Les États-Unis sont-ils réellement en récession ?

Les États-Unis ont enregistré deux trimestres consécutifs de « croissance négative » – une expression maladroite qui signifie que la production mesurée par le produit intérieur brut (PIB) a baissé. (J’aimerais bien que mon poids affiche une « croissance négative » également !) Le PIB du T1 a diminué de 1,6 % en glissement trimestriel annualisé et désaisonnalisé (SAAR). Cela qui signifie qu’il a baissé de 0,4 % en glissement trimestriel et que, si cela s’était poursuivi pendant un an à ce rythme, il aurait diminué de 1,6 %. Jeudi, nous avons appris que le PIB du T2 était en baisse de 0,9 % en glissement trimestriel SAAR, ou -0,2 % en glissement trimestriel classique. Selon la règle empirique généralement acceptée, deux trimestres consécutifs de contraction du PIB constituent une récession. Cela signifie que les États-Unis sont maintenant en récession, n’est-ce pas ?

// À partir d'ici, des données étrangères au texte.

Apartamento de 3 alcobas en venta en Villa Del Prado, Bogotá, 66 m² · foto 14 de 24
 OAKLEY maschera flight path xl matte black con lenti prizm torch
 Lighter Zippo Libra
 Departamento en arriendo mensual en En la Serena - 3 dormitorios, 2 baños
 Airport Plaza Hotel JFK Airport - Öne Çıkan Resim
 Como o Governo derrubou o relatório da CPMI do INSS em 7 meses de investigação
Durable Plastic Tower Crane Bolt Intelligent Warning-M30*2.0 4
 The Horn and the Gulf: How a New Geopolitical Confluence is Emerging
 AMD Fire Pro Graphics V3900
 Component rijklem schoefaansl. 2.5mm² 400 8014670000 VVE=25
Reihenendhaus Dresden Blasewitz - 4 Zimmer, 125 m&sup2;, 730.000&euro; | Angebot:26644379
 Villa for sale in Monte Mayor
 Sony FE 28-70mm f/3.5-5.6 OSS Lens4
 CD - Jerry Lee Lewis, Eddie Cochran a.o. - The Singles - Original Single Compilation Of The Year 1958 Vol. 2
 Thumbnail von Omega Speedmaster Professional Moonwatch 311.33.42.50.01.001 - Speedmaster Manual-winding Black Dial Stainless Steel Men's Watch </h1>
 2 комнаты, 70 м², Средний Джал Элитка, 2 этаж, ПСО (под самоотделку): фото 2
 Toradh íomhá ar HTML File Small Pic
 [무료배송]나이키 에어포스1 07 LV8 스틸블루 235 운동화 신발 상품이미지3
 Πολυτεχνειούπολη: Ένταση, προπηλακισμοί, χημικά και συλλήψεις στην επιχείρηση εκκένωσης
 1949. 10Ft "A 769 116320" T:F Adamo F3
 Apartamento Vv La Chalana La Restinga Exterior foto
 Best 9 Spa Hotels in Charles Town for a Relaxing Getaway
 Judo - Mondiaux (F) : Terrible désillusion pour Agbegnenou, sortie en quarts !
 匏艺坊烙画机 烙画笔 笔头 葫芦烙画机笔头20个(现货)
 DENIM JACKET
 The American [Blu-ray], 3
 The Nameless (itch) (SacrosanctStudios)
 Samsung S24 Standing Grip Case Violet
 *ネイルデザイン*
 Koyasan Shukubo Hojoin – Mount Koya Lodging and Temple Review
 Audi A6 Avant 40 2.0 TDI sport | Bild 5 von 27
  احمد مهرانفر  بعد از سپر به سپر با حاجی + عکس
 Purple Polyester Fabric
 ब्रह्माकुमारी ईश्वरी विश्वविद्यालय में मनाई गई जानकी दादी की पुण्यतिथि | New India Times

Pas tout à fait. Bien qu’il s’agisse de la « règle empirique » informelle que beaucoup de commentateurs utilisent, ce n’est pas la façon dont elle est officiellement déterminée. La tâche de déterminer les récessions incombe au National Bureau of Economic Research (NBER), un organisme indépendant soutenu par des subventions d’organismes gouvernementaux, de fondations privées et d’entreprises. Il est régi par un conseil d’administration composé de 51 membres issus d’universités de recherche nord-américaines de premier plan, d’organisations professionnelles en économie et de communautés d’affaires et de travailleurs. Il est apolitique et mène des recherches, mais ne formule pas de recommandations stratégiques ni ne préconise de solutions sur la base des résultats de ses recherches. Il a un nombre presque infini de programmes, de projets, de groupes de travail, etc. et publie un grand nombre d’articles.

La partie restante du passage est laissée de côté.